妖魔への復讐。その果てには何が待つ?

大学生の主人公、あずさの住む街には、奇妙な噂がありました。
人を喰らう妖魔と、それによって生み出された、オモイデサガシという亡霊の噂が。

とはいえ噂は噂。たとえそれが真実だったとしても、あずさにはかかわり合いのないこと。そのはずでした。

しかし、霧島さんという青年とであったことで、あずさの運命も大きく変わっていきます。
霧島さんは妖魔によって家族を奪われた過去があり、今彼の胸の内にあるものは、妖魔への復讐。

復讐というと、どうしてもネガティブなイメージがつきまといがちです。失ったものは戻ってこない。自分自身が傷つくだけ。そんなことを思う人もいるでしょう。
ですが、これは復讐を誓っても無理はない。大きく賛成はできなくても、彼のしようとしていることを否定なんてできない。そう思わせるだけの迫力と説得力をもって、彼が復讐に走ることとなった事件が描かれます。

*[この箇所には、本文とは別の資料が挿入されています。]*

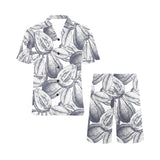 Guava tropical hand drawn pattern Men's V-Neck Short Pajama Set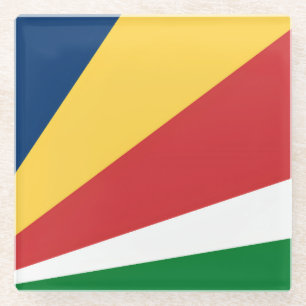 Glass coaster with Seychelles Colours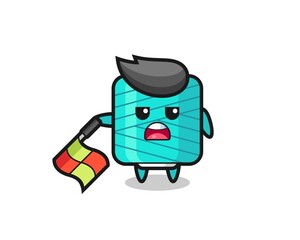 yarn spool character as line judge hold the flag down at a 45 degree angle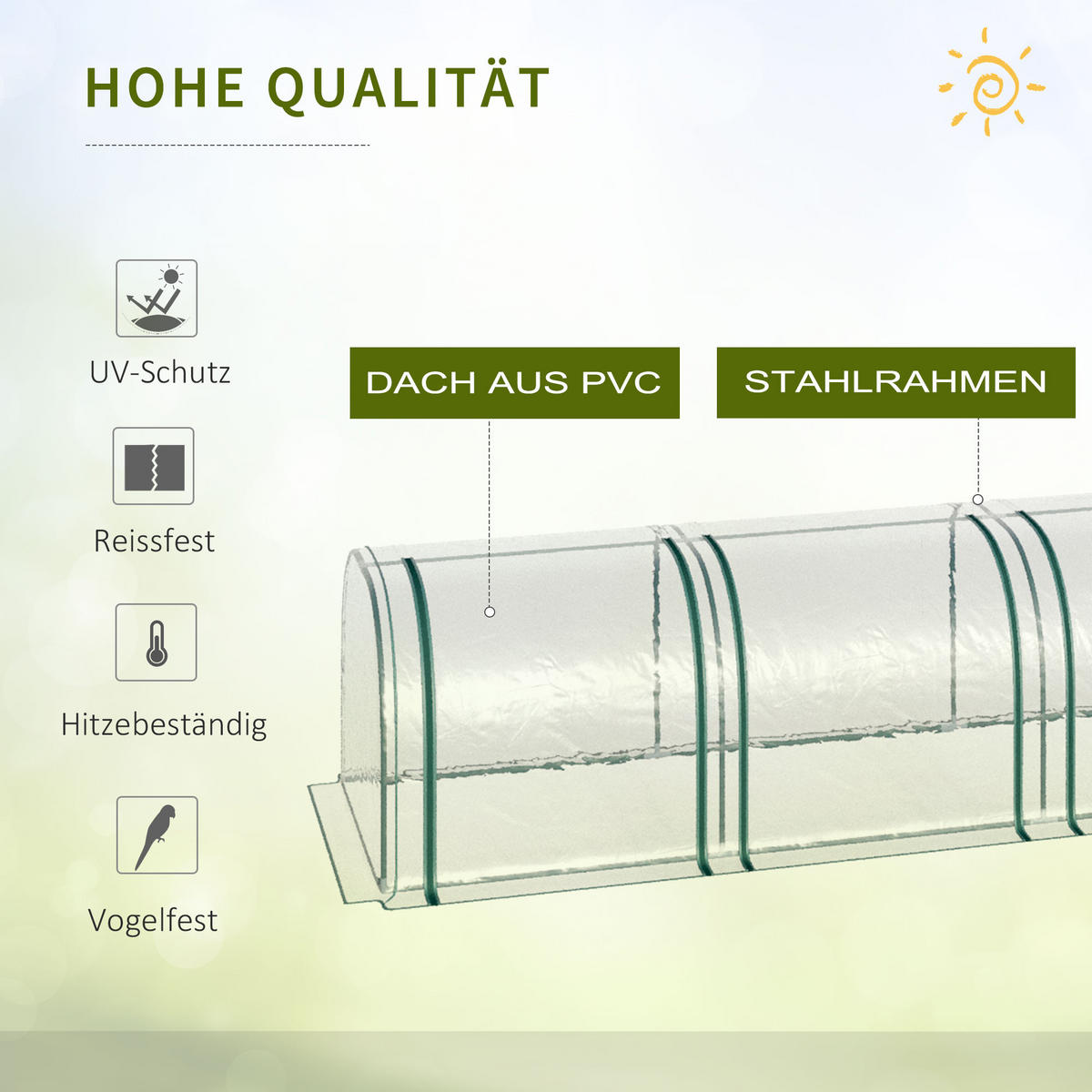 GEWÄCHSHAUS aus PVC 395x100x80 cm in Transparent mit 4 Reißverschlussfenstern - Transparent, Kunststoff (100/80/395cm) - Modfu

元々この作者様は、人の感情や抱えているものといった心の内を書くのが非常にお上手。登場人物の怒りや悲しみ、それにより突き動かされる衝動が、見ていてとても伝わってきます。

そしてそれは、負の感情ばかりではありません。
あずさが霧島さんに惹かれていく様子。彼の目的を知って、それでも近くにいてほしい、一人にはさせたくないという強い思いもまた、読んでいて凄く伝わってきました。

様々な思いの交錯する、切ない復讐劇は、どんな結末をむかえるのか。その先に、少しでも救いや幸せは待っているのでしょうか。